--- THE INPUT ---
____________________
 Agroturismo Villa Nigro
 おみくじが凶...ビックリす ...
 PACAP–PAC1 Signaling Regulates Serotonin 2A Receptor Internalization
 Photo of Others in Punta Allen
____________________
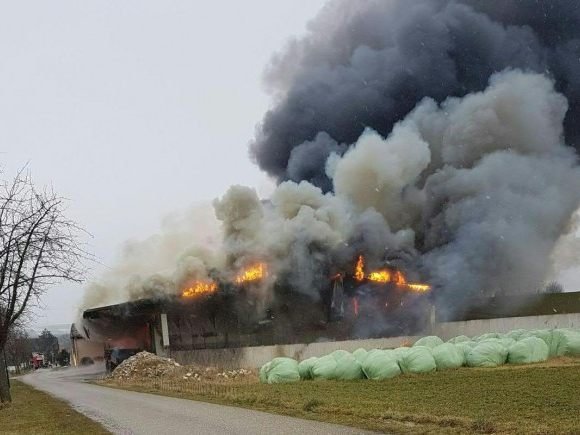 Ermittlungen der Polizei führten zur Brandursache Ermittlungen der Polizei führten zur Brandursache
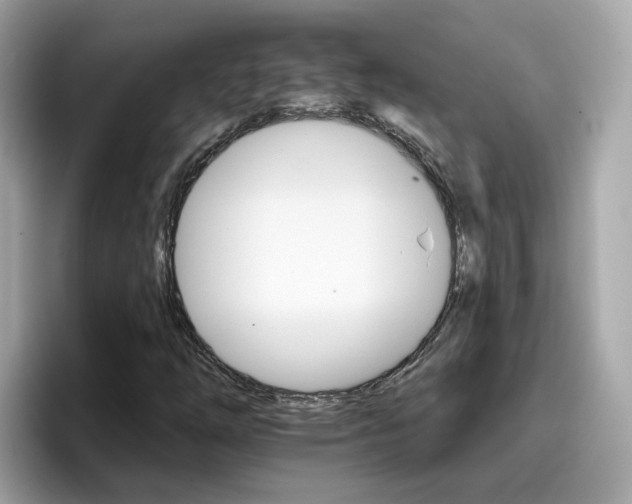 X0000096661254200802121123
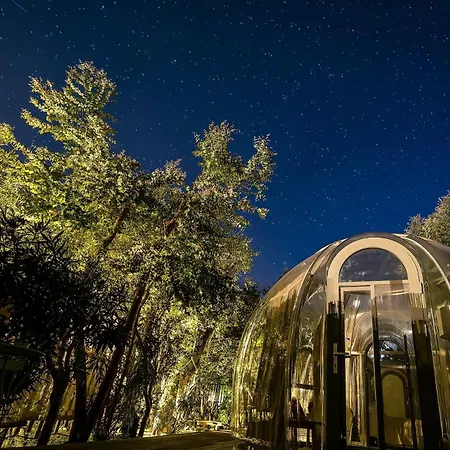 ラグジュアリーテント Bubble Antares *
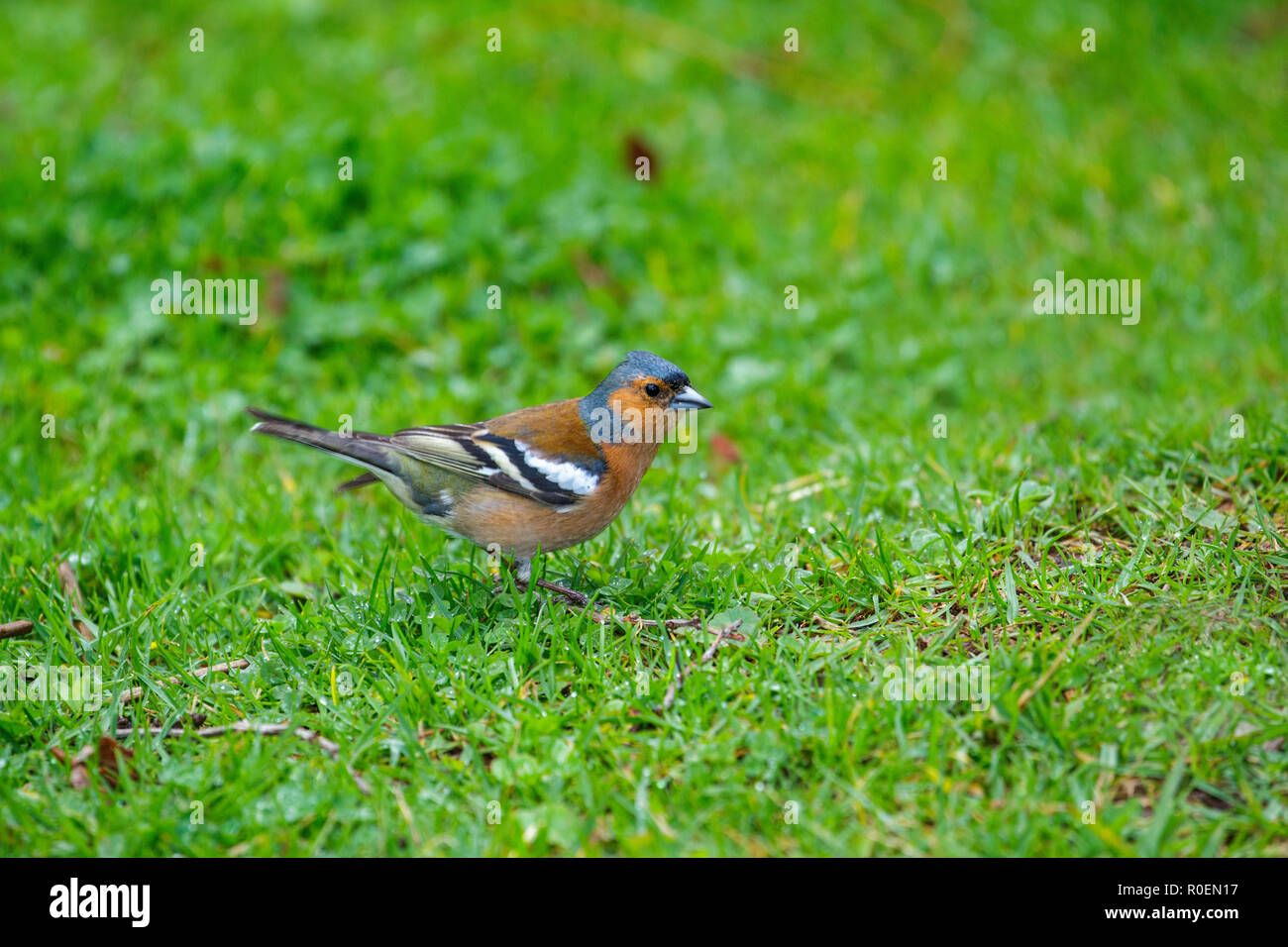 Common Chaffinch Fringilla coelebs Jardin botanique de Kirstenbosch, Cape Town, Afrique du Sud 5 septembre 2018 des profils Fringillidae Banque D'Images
____________________
--- ACTIVITY ---
Retype, in the same exact form, the lines of the material above from the line holding "おみくじが凶...ビックリす ..." through the line holding "Photo of Others in Punta Allen".

--- ANSWER ---
 おみくじが凶...ビックリす ...
 PACAP–PAC1 Signaling Regulates Serotonin 2A Receptor Internalization
 Photo of Others in Punta Allen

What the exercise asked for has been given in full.